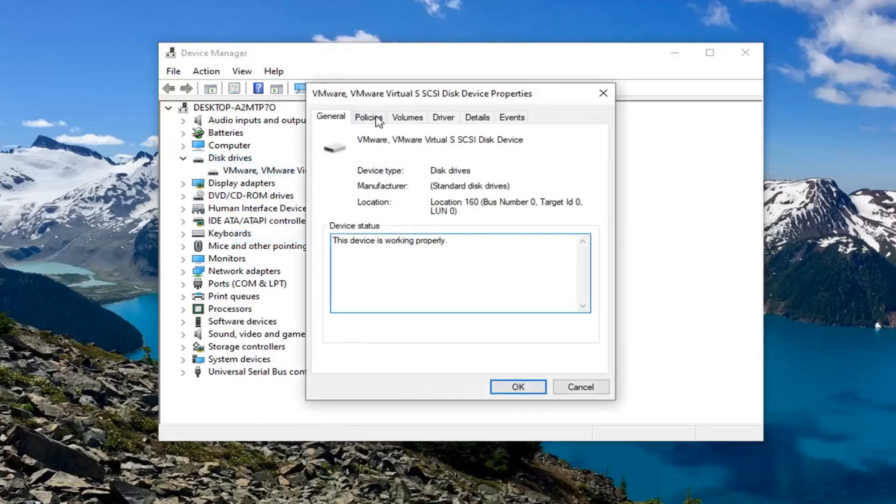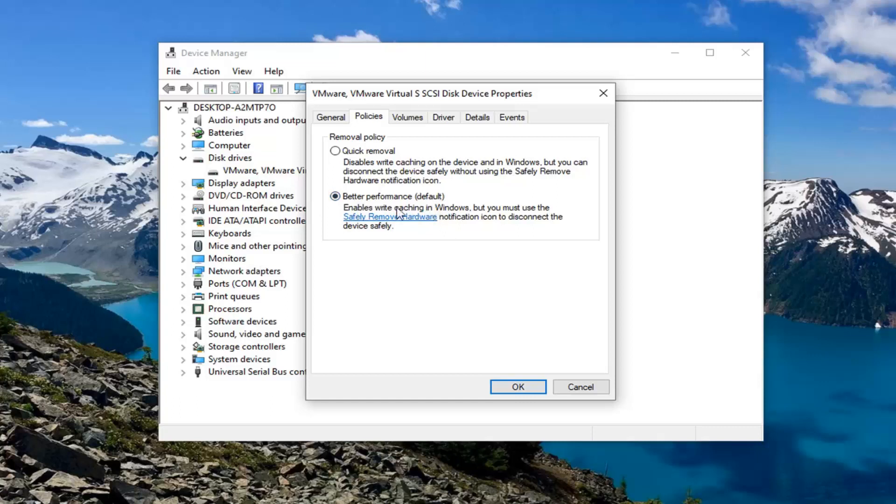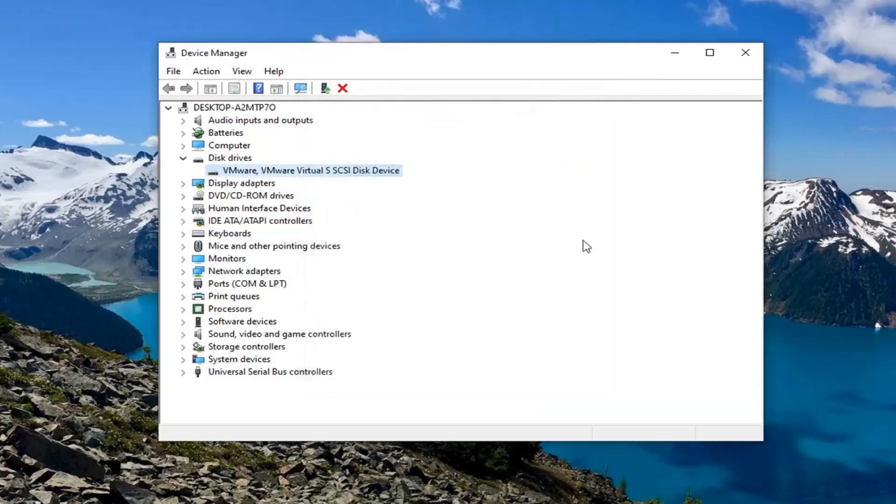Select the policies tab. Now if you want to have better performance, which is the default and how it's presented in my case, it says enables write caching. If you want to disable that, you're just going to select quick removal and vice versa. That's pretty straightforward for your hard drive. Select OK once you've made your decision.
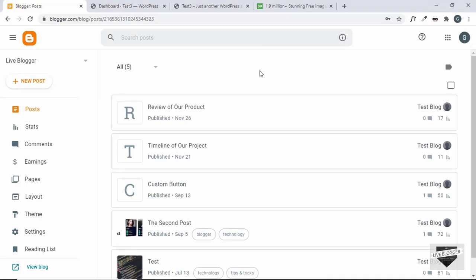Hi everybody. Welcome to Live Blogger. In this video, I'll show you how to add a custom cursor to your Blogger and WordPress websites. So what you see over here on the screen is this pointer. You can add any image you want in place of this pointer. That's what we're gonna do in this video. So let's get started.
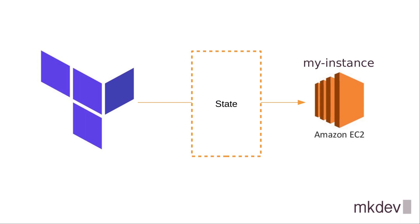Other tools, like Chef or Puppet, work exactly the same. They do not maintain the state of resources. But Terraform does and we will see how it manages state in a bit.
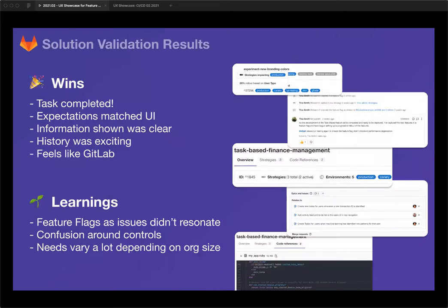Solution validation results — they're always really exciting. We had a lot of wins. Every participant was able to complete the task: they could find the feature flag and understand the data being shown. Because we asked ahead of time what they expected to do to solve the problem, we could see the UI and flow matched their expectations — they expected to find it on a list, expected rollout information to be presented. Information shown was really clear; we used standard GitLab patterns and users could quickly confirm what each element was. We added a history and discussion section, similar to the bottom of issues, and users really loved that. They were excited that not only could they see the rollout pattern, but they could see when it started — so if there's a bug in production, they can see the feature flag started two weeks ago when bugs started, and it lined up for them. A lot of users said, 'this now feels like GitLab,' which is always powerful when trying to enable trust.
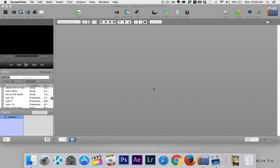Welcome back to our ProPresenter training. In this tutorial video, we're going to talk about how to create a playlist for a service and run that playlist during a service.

☆ ☆ ☆ ☆

§ **DIRECTIONS**:
Exact copies of the entries above are needed, without their pictures.

§ **WRITTEN ANSWER**:
Select the policies tab. Now if you want to have better performance, which is the default and how it's presented in my case, it says enables write caching. If you want to disable that, you're just going to select quick removal and vice versa. That's pretty straightforward for your hard drive. Select OK once you've made your decision.
Hi everybody. Welcome to Live Blogger. In this video, I'll show you how to add a custom cursor to your Blogger and WordPress websites. So what you see over here on the screen is this pointer. You can add any image you want in place of this pointer. That's what we're gonna do in this video. So let's get started.
Other tools, like Chef or Puppet, work exactly the same. They do not maintain the state of resources. But Terraform does and we will see how it manages state in a bit.
Solution validation results — they're always really exciting. We had a lot of wins. Every participant was able to complete the task: they could find the feature flag and understand the data being shown. Because we asked ahead of time what they expected to do to solve the problem, we could see the UI and flow matched their expectations — they expected to find it on a list, expected rollout information to be presented. Information shown was really clear; we used standard GitLab patterns and users could quickly confirm what each element was. We added a history and discussion section, similar to the bottom of issues, and users really loved that. They were excited that not only could they see the rollout pattern, but they could see when it started — so if there's a bug in production, they can see the feature flag started two weeks ago when bugs started, and it lined up for them. A lot of users said, 'this now feels like GitLab,' which is always powerful when trying to enable trust.
Welcome back to our ProPresenter training. In this tutorial video, we're going to talk about how to create a playlist for a service and run that playlist during a service.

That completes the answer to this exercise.